Le conflit entre l’Ukraine et la Russie au 150ème jour de guerre semble bien impossible à arrêter, personne ne voulant faire les premiers pas vers un cessez-le-feu.

Une évidence, tout d’abord : quelles que soient les erreurs de départ en 2014 du nouveau régime ukrainien après la « Révolution du Maïden » l’agresseur d’aujourd’hui est bien la Russie et le peuple Ukrainien souffre injustement de cette stupide confrontation où les responsabilités sont partagées entre le désir des Russes de ne pas voir l’OTAN s’établir à leurs frontières, l’incapacité de l’UE, qui s’est laissée aller à la facilité extrême d’une dépendance trop grande au gaz russe, d’engager un dialogue sur la sécurité en Europe qui ne peut en aucun cas se faire sans une participation de la Russie et la volonté des Américains au nom d’un monde unipolaire d‘affaiblir la Russie pour instaurer une Pax Americana mondiale au risque de conforter une alliance anti-occidentale où la Chine, l’Iran, l’Inde et l’Afrique pourraient se rejoindre.

Les pauvres déclarations du Président Zelensky « Nous irons jusqu’à la victoire complète » tiennent bien peu compte de la capacité des Russes d’utiliser s’il le fallait un jour des armes nucléaires tactiques et de la lassitude possible des Occidentaux, lorsque leurs propres économies seront trop affaiblies, qui refuseront de « mourir pour l’Ukraine »

Examinons la situation et ses évolutions possibles.
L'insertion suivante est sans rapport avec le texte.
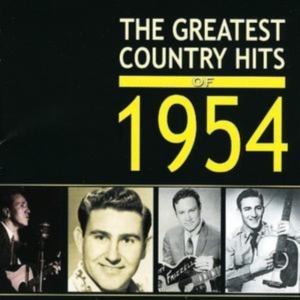 Various Artists - Greatest Country Hits Of 1954 ryhmässä CD @ Bengans Skivbutik AB (1266799)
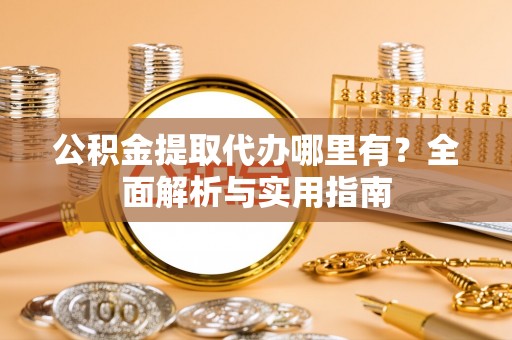 磴口公积金提取代办哪里有？全面解析与实用指南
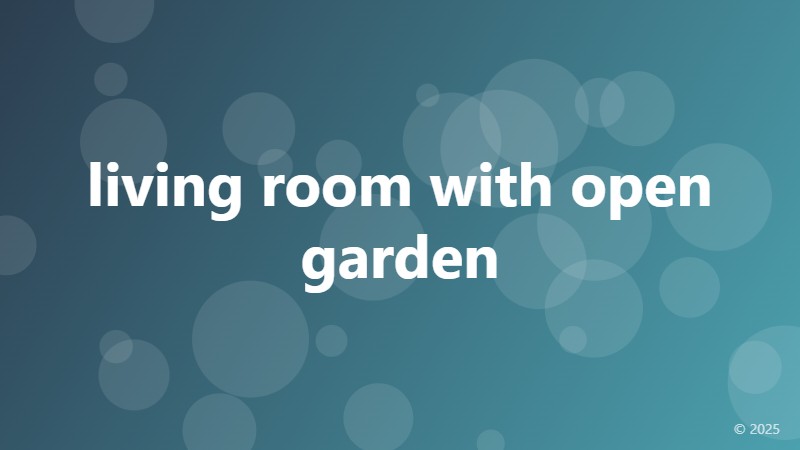 living room with open garden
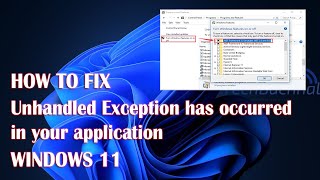 Unhandled Exception Has Occurred In Your Application In Windows 11  2 Fix How To [upl. by Rab]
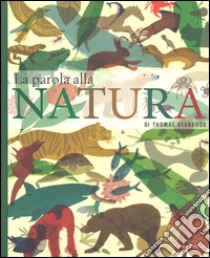 La parola alla natura. Ediz. a colori libro di Hegbrook Thomas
Scénario1 : La guerre s’enlise vers un gel durable des positions actuelles, les forces ukrainiennes résistent grâce aux armes fournies par l’Occident et tentent d’enfoncer le front russe. Celui-ci réagit en mobilisant de nouvelles troupes et en menaçant Kiev d’une réponse nucléaire tactique si les territoires russes devaient être touchés par des armes occidentales. Les Européens soutiennent certes l’Ukraine mais subissent des conséquences économiques qui au lieu de seulement ruiner l’économie russe, ruinent également les économies des pays de l’UE. L’hiver approche et la Russie menace de couper les exportations de gaz. L’Allemagne essaie désespérément de desserrer l’étau énergétique qui la contraint et même les Verts acceptent de renouer avec le nucléaire (mais il faudra du temps). En Novembre les élections américaines peuvent être défavorables à Joe Biden ce qui amènera une restriction de l’aide. Le blé aura peut-être pu momentanément sortir de la Mer Noire grâce aux accords passés sous l’égide de la Turquie mais cela ne ralentira pas les attaques contre Odessa.
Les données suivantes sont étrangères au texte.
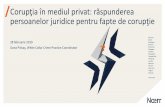 Corupţia în mediul privat: răspunderea persoanelor … Noerr_Coruptia în.../ Răspunderea penală a persoanei juridice – Aspecte generale A fost introdusă în România în anul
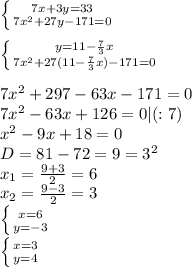 \left \{ {{7x+3y=33} \atop {7x^2+27y-171=0}} \right. \\ \\ &#10; \left \{ {{y=11- \frac{7}{3}x } \atop {7x^2+27(11- \frac{7}{3}x)-171=0 }} \right. \\ \\ &#10;7x^2+297-63x-171=0 \\ &#10;7x^2-63x+126=0 | (:7) \\&#10;x^2-9x+18=0 \\ &#10;D=81-72=9=3^2 \\ &#10;x_1= \frac{9+3}{2}=6 \\ &#10;x_2= \frac{9-3}{2}=3 \\ &#10; \left \{ {{x=6} \atop {y=-3}} \right. \\ &#10; \left \{ {{x=3} \atop {y=4}} \right. &#10; &#10;&#10;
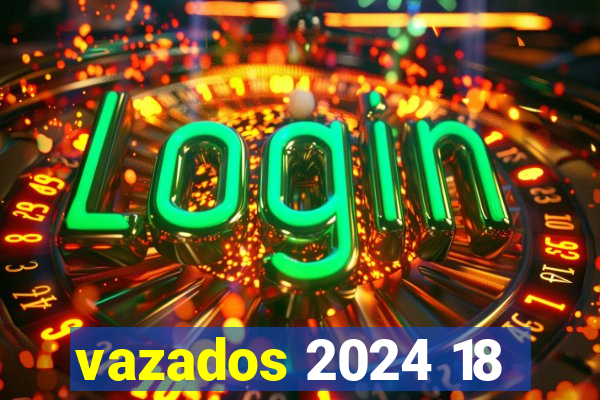 vazados 2024 18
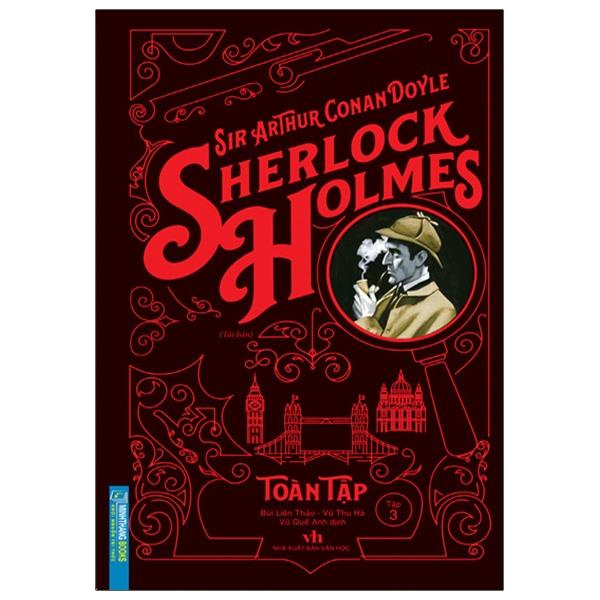 Sherlock Holmes Toàn Tập - Tập 3 (Bìa Cứng) (Tái Bản 2021)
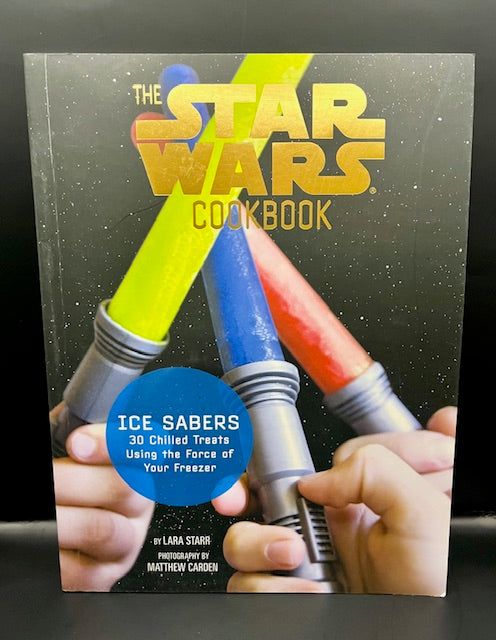 Star Wars Cookbook Ice Sabers 30 Chilled Treats Using the Force of Your Freezer (2013) - Starr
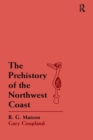 The Prehistory of the Northwest Coast - eBook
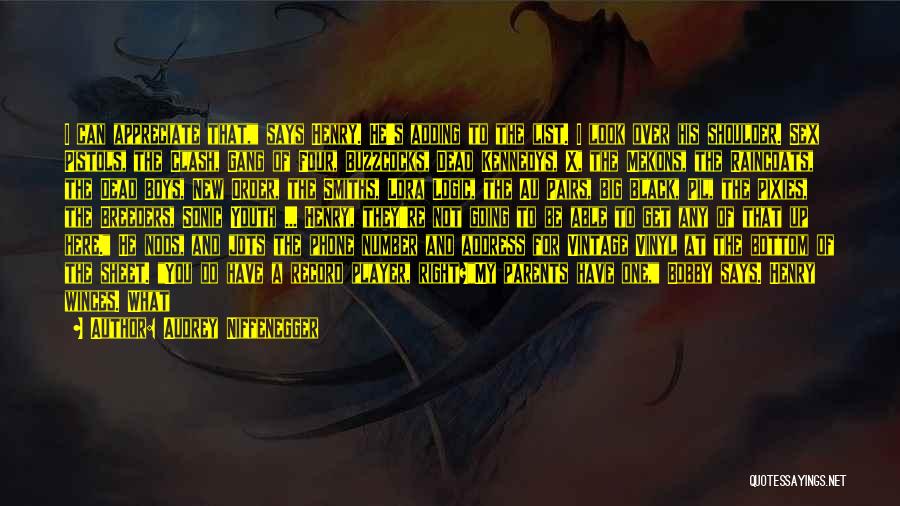Audrey Niffenegger Quotes: I Can Appreciate That, Says Henry. He's Adding To The List. I Look Over His Shoulder. Sex Pistols, The Clash,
La situation va s’éterniser comme cela a déjà été le cas au Vietnam ou en Afghanistan jusqu’à ce que l’opinion américaine se lasse à son tour et finisse par lâcher l’Ukraine face à son grand voisin.

Un rideau de fer s’abattra entre les deux pays laissant une Ukraine dévastée ayant perdu Crimée et Donbass qui devra seule tenter de se reconstruire.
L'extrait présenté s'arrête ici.